I spent much of December in Southern India for business. I was awash in culture and history yet the most amazing thing I experienced the entire time was the traffic. It’s impossible to accurately describe the semi-organized mayhem, the constant multiaxial motion and the utter and complete lack of fucks-given. Here’s a 10 minute video that’s a pale, sad shadow of what I experienced:

The traffic is alive. It reminded me of a herd of animals migrating across a vast plain. Huge, slow buses push ahead dominating, but heedless of, the turmoil that surrounds them. The bulk of the herd is a motley collection of cars, vans and trucks of every possible condition and vintage. They set the overall pace. All the while, nimble, three-wheeled auto-rickshaws and motorbikes weave through the throng finding and exploiting whatever paths become available.

How to Traffic

There are rules, yet the actual traffic laws fall second to the unspoken contracts made by the participants. Marked lanes are universally ignored. If you can fit, you slide in. Horns are in near constant use, but almost always as polite notifications; a gentle, “hey, I’m here!” which are, surprisingly, honored much more often than they’re ignored. Passenger capacity is purely a matter of physics, not reason: if you can fit five people into a three person auto-rickshaw, you are absolutely welcome to do so.

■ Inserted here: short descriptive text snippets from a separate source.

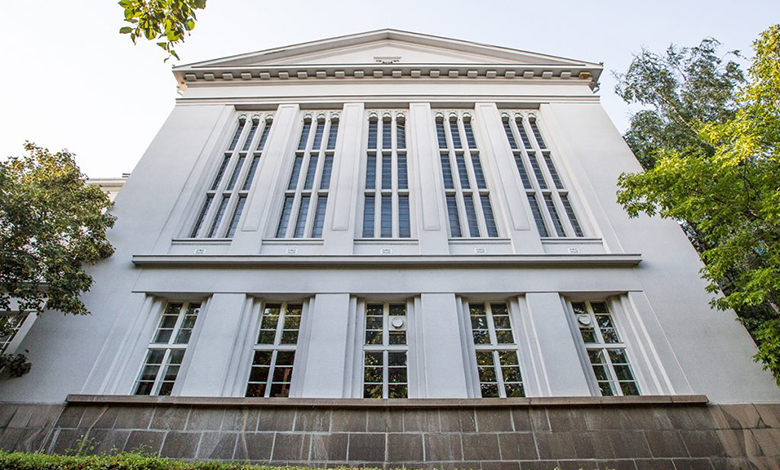 Međunarodno priznanje za profesoricu Medicinskog fakulteta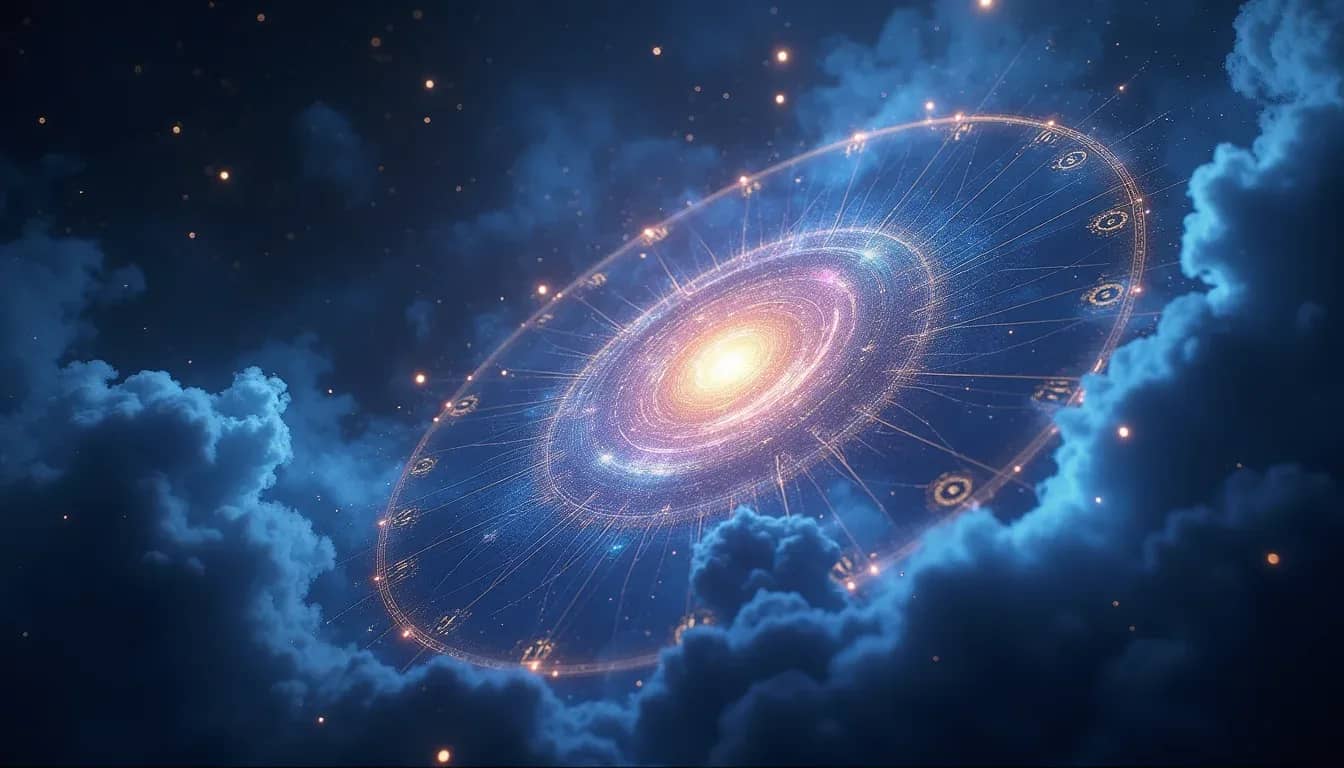 Unveiling Vashya Koota Importance: The Key to Harmonious ...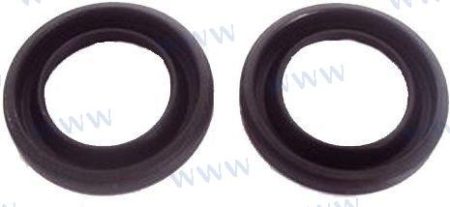 MF-REC93104-20M02 - RETEN SUPERIOR EJE VERTICAL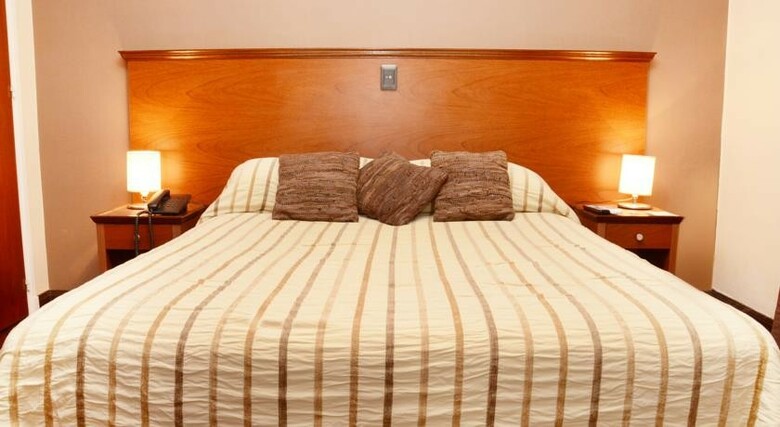 Gran Hotel Dor� Mar Del Plata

Speeds are much slower than Americans will be used to, but forward motion is near constant and true gridlock almost non-existent. There’s no concept – at all – of “personal space”. It’s rare that you’ll be more than a hands-breadth away from the vehicles on each side, yet accidents (at least serious ones) seemed rare as well. Another thing that’s missing from American traffic: all the angst. Indians simply don’t take traffic as seriously as we do. They don’t enjoy or look forward to it, but “road rage” just doesn’t seem to be a thing.

Google, Pay Attention!

During my stay I spent a lot of time in traffic. One thought that continually buzzed through my head was, “shouldn’t self-driving cars be doing this?” Currently we’re creating implementations that follow the rigid, “stay between the lines” models of genteel first world society. While this is necessary, at least at first, to make people comfortable with the technology, it’s not, I believe, where we want to end up.

Instead, imagine the roads full of autonomous vehicles leveraging the Indian model. Here’s an overhead video that demonstrates the effectiveness of the system much better than my ground-level attempt:

It may appear chaotic at first, but the reality is beautifully elegant. Making complete use of the space available, sliding in and out as needed, respecting pedestrians while continuing to advance. Like birds or bees, vehicles shouldn’t just drive place, they should flock and swarm to them. Like corpuscles in a vein, they should fully utilize the space without interfering with one another.

It’s a dramatically different model, one that Westerners may be very uncomfortable with, yet it’s clearly a more efficient one; one with a significantly higher return on investment for our infrastructure.